After lockdown I will keep on appreciating the simple things in life such as breathing in the fresh air.

Sue Akerman

After lockdown I’ll keep on enjoying our wonderful countryside and wild birds and animals.

What I hope to do never again is wear a facemask.

What I’d love to do soon is to hug family and friends.

Linda Miles

News from Alison and Malcolm

We have had a very busy and blessed lockdown but have missed being able to see our friends at St Johns regularly. We thought you might like an update on what we have been up to.

We have managed our businesses, Malcolm selling garden machinery spare parts online, with his sales going through the roof from March to June, averaging 70 sales rather than 3 or 4 a day. He continued to work full-time in his job as a workshop manager, managing an increased workload with less staff, as some of his colleagues were furloughed.

Alison’s counselling business saw a huge increase in demand, as she supported many anxious and depressed clients. Fortunately, unlike most counsellors, she already had a lot of experience working via video call. However, going from 2 video calls a week, to on average 18 a week, has been very tiring. She was very happy to be able to start to meet with some clients face to face again, about a month ago.

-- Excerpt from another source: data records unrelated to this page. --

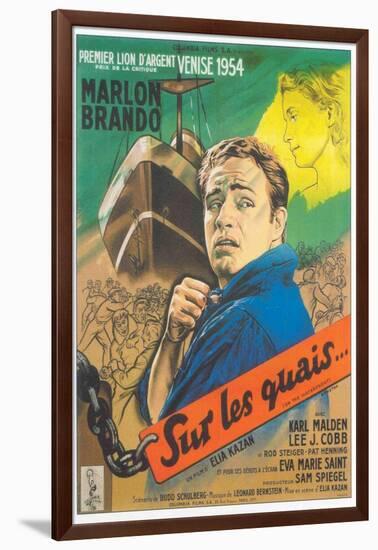 On the Waterfront, French Movie Poster, 1954-null-Framed Art Print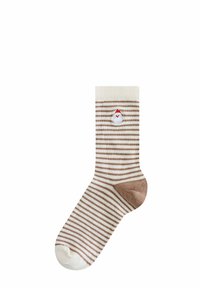 Calzino a righe in crema e marrone, con un motivo raffigurante il volto di Babbo Natale. Tessuto morbido con tallone e punta rinforzati.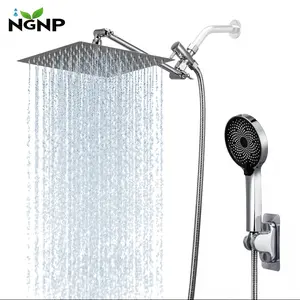 NGNP Shower Head,10 Inch High Pressure Rain Shower Head with Handheld Spray Combo, Adjustable Dual Rainfall Shower Head - Showerhead Comb Set with Extension Arm - 60 Inch Long Shower Hose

This was possible because during the fantastic weather in April & May, Malcolm built a new garden building. This was originally going to be used for creative hobbies and relaxation but has been commandeered as a therapy room. It is bigger than Alison’s usual consulting room and allows for 2m social distancing. It has not been an easy task, because initially, it wasn’t possible to get the materials needed and has taken many hours ensuring all the relevant protocols are in place, to keep herself and clients safe, whilst operating within the UK government guidelines.

We have supported many people through our LPA & Chaplaincy connections both at St Johns and throughout the Diocese. This has included shopping for people who were self-isolating, providing occupational therapy and bringing encouragement to neighbours, friends, and family.

Alison has continued to run Dorset Anti- Bullying Service (DABS) throughout lockdown and raised £91 selling plants she has grown and handmade cards and jewellery she has made.

Father God has blessed us with the gift of hospitality and a joint healing ministry. He gave us a vision, when he called us to Weymouth 5 years ago to open parts of our home and garden to bring refreshment and healing to others. Following His lead, we launched a new business, Tranquillity Retreats Weymouth on the 10th July 2020. This offers self-contained, self-check in B & B, weekends only. If you or somebody you know would like to know more, please free to contact us.

Like many others we have experienced a lot of loss this year, Alison’s only Uncle & Aunt and 2 very close friends have died, and we have both had several health issues. It has been very difficult and at times life has felt like an uphill battle.

However, we are grateful for the beauty of our surroundings, the opportunities we have had to minster and be ministered to and have felt upheld in prayer and encouraged by Psalm 12: I lift up my eyes to the mountains — where does my help come from? My help comes from the Lord, the Maker of heaven and earth. He will not let your foot slip — he who watches over you will not slumber.

We hope we can see you in person before too long and in the meantime send you our love and prayers.